= Beginning of Section =
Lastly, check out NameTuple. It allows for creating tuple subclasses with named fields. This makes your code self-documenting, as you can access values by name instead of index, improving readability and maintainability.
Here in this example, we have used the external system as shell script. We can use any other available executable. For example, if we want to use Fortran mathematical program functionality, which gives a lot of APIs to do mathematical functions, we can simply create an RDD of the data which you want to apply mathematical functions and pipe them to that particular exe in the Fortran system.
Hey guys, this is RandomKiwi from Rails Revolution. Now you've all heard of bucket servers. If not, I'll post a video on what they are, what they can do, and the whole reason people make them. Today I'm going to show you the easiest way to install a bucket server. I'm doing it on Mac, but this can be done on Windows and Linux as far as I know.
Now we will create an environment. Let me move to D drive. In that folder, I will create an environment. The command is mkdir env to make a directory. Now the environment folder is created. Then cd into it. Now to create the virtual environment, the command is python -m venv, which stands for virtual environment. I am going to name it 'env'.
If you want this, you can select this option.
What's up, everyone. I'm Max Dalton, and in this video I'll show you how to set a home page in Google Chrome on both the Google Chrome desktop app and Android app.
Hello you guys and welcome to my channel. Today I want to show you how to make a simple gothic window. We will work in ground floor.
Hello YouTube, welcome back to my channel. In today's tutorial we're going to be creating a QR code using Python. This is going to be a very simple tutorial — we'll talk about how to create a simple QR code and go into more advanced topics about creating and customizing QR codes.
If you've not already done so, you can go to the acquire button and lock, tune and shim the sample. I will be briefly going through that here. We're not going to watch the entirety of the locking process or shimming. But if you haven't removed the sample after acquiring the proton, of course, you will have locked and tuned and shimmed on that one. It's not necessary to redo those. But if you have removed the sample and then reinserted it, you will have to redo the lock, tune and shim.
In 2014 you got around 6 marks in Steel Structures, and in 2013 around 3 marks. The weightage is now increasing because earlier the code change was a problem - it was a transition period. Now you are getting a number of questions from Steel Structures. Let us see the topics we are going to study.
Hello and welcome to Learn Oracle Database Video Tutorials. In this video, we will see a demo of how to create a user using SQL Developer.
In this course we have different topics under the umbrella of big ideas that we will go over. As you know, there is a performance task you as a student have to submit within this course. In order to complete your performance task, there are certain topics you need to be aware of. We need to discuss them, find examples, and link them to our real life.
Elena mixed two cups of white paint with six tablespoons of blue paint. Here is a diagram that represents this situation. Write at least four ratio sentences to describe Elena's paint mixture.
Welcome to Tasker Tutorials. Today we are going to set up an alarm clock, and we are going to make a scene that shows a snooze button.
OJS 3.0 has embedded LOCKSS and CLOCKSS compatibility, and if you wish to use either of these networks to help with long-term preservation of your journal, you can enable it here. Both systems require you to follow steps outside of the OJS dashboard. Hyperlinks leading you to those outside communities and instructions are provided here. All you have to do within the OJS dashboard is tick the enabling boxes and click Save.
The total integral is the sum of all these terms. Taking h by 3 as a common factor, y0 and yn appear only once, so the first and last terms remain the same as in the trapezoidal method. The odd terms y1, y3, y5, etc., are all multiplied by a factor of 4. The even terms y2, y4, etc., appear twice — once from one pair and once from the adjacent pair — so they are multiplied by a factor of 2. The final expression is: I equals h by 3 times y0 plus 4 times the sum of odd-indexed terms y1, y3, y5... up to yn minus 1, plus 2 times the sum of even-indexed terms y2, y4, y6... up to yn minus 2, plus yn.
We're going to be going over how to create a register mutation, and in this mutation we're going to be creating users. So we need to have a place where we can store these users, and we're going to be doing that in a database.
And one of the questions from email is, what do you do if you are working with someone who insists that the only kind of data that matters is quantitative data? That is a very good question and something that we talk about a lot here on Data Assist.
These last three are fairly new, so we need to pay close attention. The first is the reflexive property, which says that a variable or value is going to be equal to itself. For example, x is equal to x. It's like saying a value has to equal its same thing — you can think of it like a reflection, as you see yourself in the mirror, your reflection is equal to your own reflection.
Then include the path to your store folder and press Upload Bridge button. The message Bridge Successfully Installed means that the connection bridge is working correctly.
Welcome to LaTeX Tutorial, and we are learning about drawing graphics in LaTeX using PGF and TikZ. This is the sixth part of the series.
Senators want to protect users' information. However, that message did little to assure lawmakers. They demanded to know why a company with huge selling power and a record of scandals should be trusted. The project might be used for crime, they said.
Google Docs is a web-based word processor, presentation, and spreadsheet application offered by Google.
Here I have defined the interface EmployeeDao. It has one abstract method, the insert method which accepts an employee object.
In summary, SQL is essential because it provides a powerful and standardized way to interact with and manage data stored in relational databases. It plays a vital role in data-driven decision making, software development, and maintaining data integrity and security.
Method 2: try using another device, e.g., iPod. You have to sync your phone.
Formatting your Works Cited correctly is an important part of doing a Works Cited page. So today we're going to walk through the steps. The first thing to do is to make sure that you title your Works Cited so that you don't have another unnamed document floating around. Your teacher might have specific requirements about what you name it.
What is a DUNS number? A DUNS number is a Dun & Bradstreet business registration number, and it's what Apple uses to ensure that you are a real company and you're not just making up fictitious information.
= End of Section =
Directions for this task
Reprint exactly the lines above that start at the one with "Google Docs is" and end at the one with "Here I have", keeping both and adding none.

Result
Google Docs is a web-based word processor, presentation, and spreadsheet application offered by Google.
Here I have defined the interface EmployeeDao. It has one abstract method, the insert method which accepts an employee object.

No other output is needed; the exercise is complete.